For our entrées my mom had the pan steamed shellfish with a Thai red curry sauce, and jasmine rice. I had roasted quail stuffed with foie gras and porcini mushrooms. I tasted the shellfish and it was a wonderful curry, sweet with a spicy undertone that didn't overpower the shellfish. All of the shellfish was cooked to perfection. I won't go into long detail about this dish because I did not get to taste it thoroughly. I will talk about my quail, however. Anyone who thinks that quail tastes just like chicken has to be crazy. The quail was juicy and tender in a way that chicken can rarely achieve. While chicken can most certainly be delicious, the size of the bird makes it more difficult to cook so that parts of it are juicy without other parts becoming dry. With the tiny quail, it seemed that roasting allows all of the poultry’s own flavors and juices to remain sealed up within the skin throughout the entire bird. Also, I think that the quail must be raised in a way that keeps the meat fatty and tender, as opposed to some chickens that develop more muscular tones. There’s no doubt in my mind that the quail has an advantage over the average chicken. This particular quail was roasted so that the outside was just browned with crispy parts, but the overall texture was very soft and moist. The inside was the best part, because this is where the juices of the quail, foie gras, and mushrooms all combined. The smoky, earthy flavors of the mushrooms complimented the quail, and the foie gras' soft, buttery texture made the whole dish perfectly tender. It is hard to go back to chicken after this quail.

For our dessert course we shared the apple flambé for two. This is prepared tableside, and is truly a treat to watch. A tableside cart was wheeled out, a stainless steel pan was brought to temperature, and then the brown sugar was slowly melted. One of the smart and talented waiters whipped up the caramel and flambéed apples right in front of us, and a crisp and warm funnel cake was brought out with creamy, sweet cinnamon ice cream. While making the caramel and apples the waiter entertained us with anecdotes about the waiters with the best caramel, and soon his pan was sizzling with goopy, thick caramel. The apples were warm, sweet, and soft enough to cut with a fork, yet strong enough not to turn into mush. The funnel cake came in a satisfying cube, the dough fried to a golden crisp. While funnel cakes are generally found in fairs, ballparks, and IHOP, this was the gourmet’s version. It was crispy and strong on the outside, perfect for standing up to soft apples, gooey caramel, and ice cream. Yet the inside was soft and chewy. The flavor was not overly sweet. It did not need to be; the apples and caramel did the job. This dessert was the culmination of the entire meal. It was another example of the innovative way that Gary Danko mixes textures and flavors, as well as a beautiful presentation, to impress his audience. This was a very sweet and satisfying way to finish off the meal.

Sunday, December 2, 2007

Chemical free coals

As a quick follow up to my recent post about cooking meat, I did have a MEAT club meeting this past Friday. I used a cone to help light the coals this week instead of using lighter fluid. Wow was I happy! I had no idea that having chemical free coals at my first meeting was going to release that many endorphins.

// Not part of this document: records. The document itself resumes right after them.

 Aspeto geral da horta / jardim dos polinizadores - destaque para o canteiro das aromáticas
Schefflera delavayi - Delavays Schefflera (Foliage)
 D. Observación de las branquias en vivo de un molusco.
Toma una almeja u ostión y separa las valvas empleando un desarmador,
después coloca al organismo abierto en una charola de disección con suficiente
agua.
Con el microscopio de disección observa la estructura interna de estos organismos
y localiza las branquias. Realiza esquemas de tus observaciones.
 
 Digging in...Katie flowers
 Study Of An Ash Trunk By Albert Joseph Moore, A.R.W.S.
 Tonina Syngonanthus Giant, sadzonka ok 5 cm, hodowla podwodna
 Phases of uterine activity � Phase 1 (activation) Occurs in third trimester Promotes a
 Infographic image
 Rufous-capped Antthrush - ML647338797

There was a clear difference between the tastes of the meat. I know this because my good friend, and co-leader of MEAT club used lighter fluid on our second grill. I know, I feel guilty that I wasn't able to completely outlaw lighter fluid from the MEAT fires, but I'm well on my way! While both of our grills had powerful heat emanating from its coals, I took pride in the fact that mine had been lit without the use of lighter fluid. Those who chose burgers and steaks from my fire seemed to be happy as well. While the meat on both grills was coming off of the fire juicy on the inside with a crisp brown outer layer, the product from the other grill still seemed to have the sourish, gasoline-like flavor that can be associated with lighter fluid. Not to mention, I still think I may have heard a few grumbling tummies... not a good sign.

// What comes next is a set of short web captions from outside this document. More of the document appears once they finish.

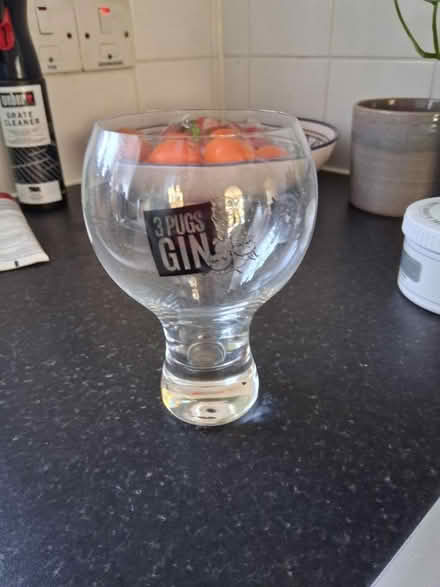 Photo of free Pug gin glasses (Wickford SS11) #1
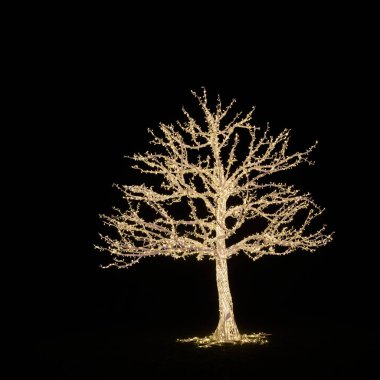   Magdeburg 'daki Elbauenpark' ta bulunan Lumagica 'nın ışık tesisindeki peri ışıklarından yapılmış aydınlık bir süs ağacı Noel sezonunun havası olarak.                             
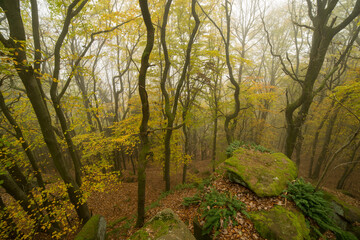 Felsenmeer auf der Kalmit mit Sandsteinfelsen im Nebel im herbstlichen Pfälzerwald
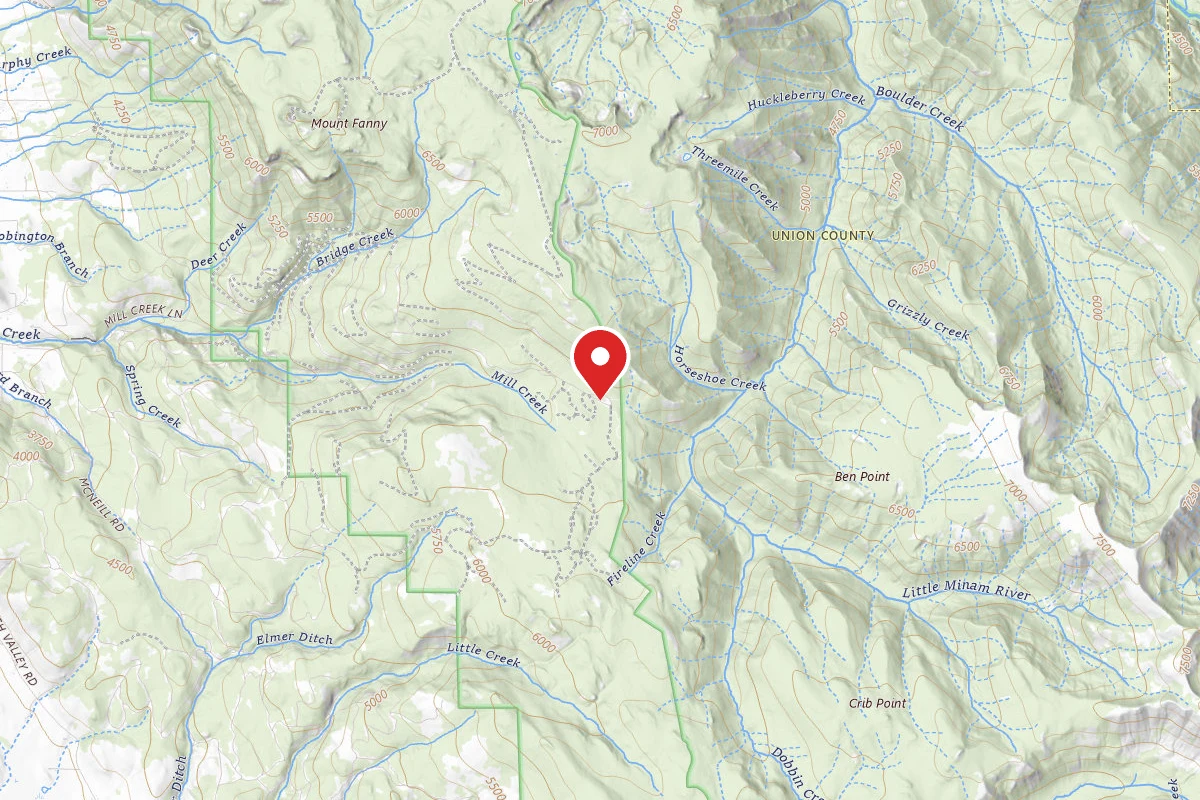 Moss Springs Campground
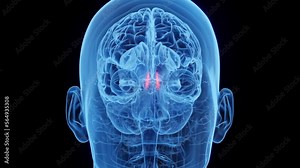3D rendered medical animation of a man's olfactory nerves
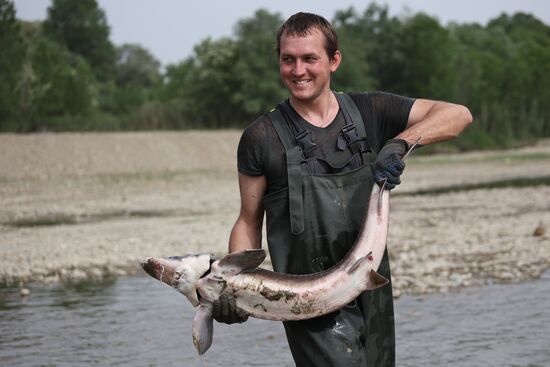 Выпуск осетровых рыб в реку в Краснодарском крае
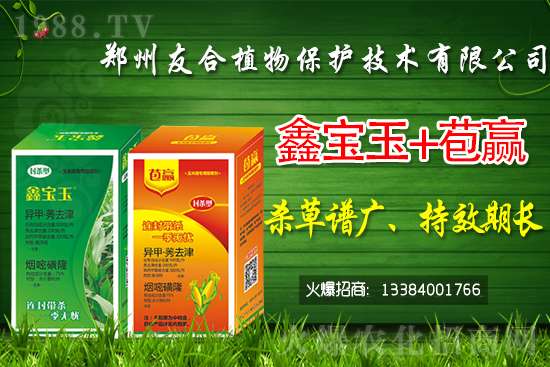 2021.5.29�������݄��r(ji��)������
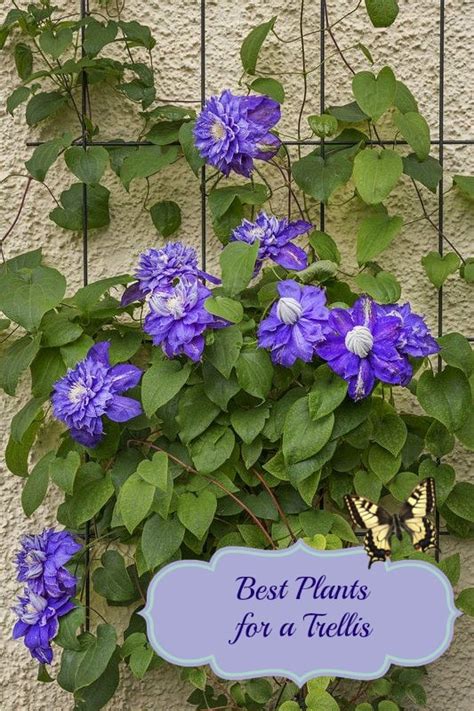 However, they are both sensitive to wind, and are prone to sunburning in the hot afternoon sun. Best Plants for a Trellis - Mom Foodie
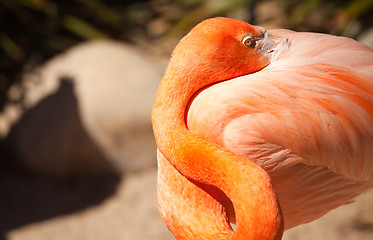 Image showing Beautiful Flamingo Rests
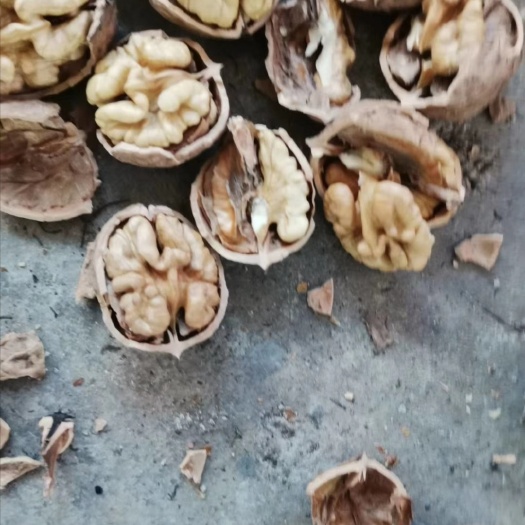 盐源县泡核桃 大优干果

I was happy to say however that everything cooked from the fluid-free grill seemed to taste simply like meat should, smoky and salty with the savory juices that go so well with cheese on top. From now on I will be lighting my coals without lighter fluid, for a much purer taste. Maybe soon I will be able to try out a wood fire!

Monday, November 26, 2007


I was very disappointed when I learned that I would not have the priveledge of cooking for Thanksgiving this year. Generally my family comes together for the day, and everyone is assigned a certain dish to cook. This year, however, my family went to spend the evening at a friend's house where the cooking was done for us.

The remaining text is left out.